Aim of the task
Omit all pictures, then retype exactly the lines from the one that contains "Alt view image" through the end of the listing.

Source data
<<<<

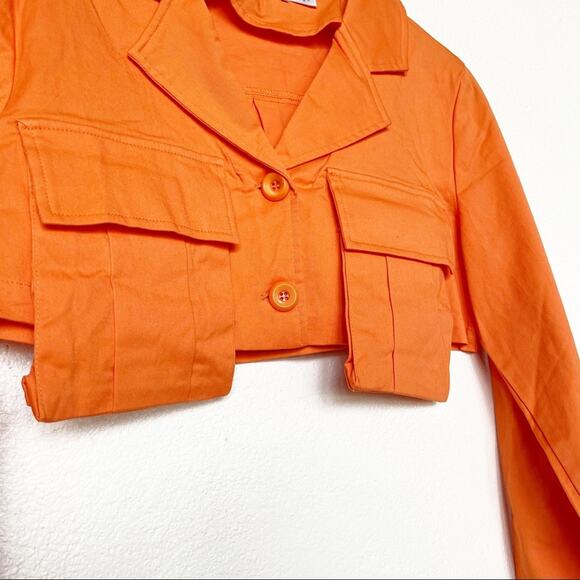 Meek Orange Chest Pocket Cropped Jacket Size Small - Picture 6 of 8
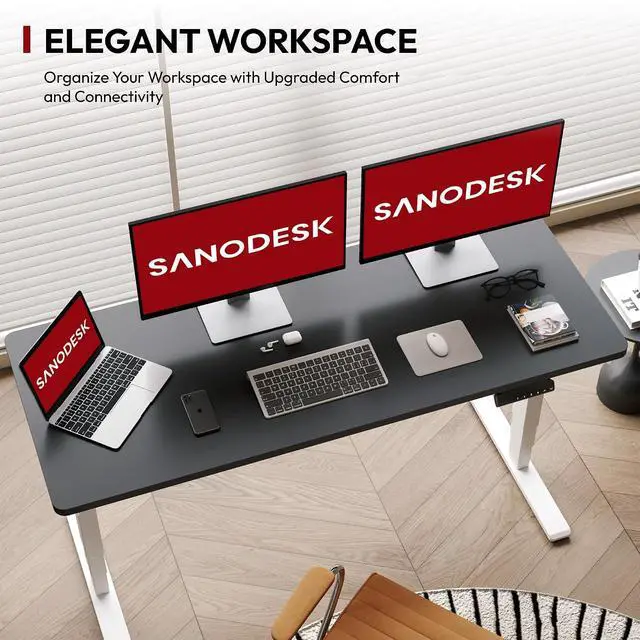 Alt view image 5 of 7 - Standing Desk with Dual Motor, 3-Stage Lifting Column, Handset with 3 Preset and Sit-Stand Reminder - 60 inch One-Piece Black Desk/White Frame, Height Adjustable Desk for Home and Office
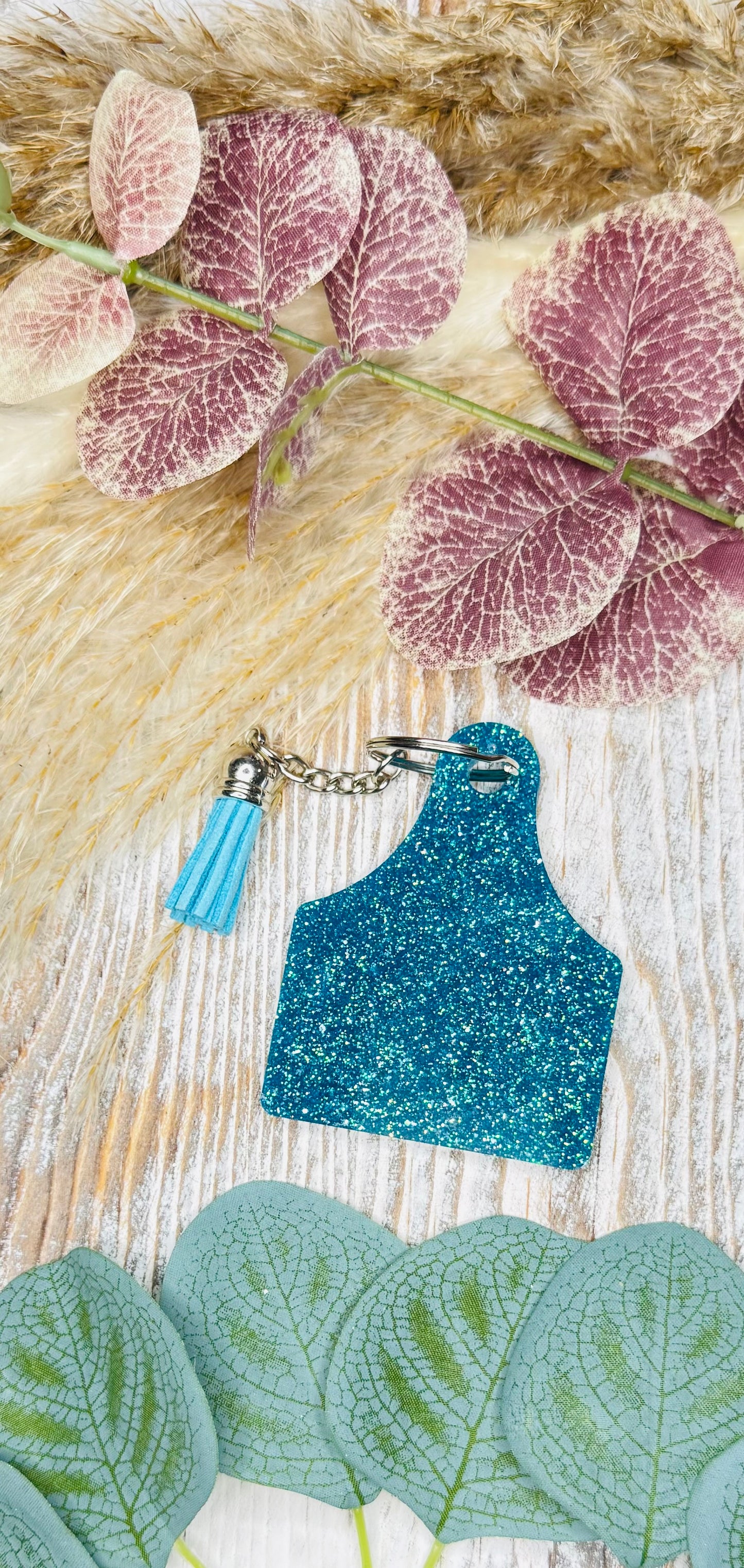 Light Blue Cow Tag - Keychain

>>>>

Result of the task
 Alt view image 5 of 7 - Standing Desk with Dual Motor, 3-Stage Lifting Column, Handset with 3 Preset and Sit-Stand Reminder - 60 inch One-Piece Black Desk/White Frame, Height Adjustable Desk for Home and Office
 Light Blue Cow Tag - Keychain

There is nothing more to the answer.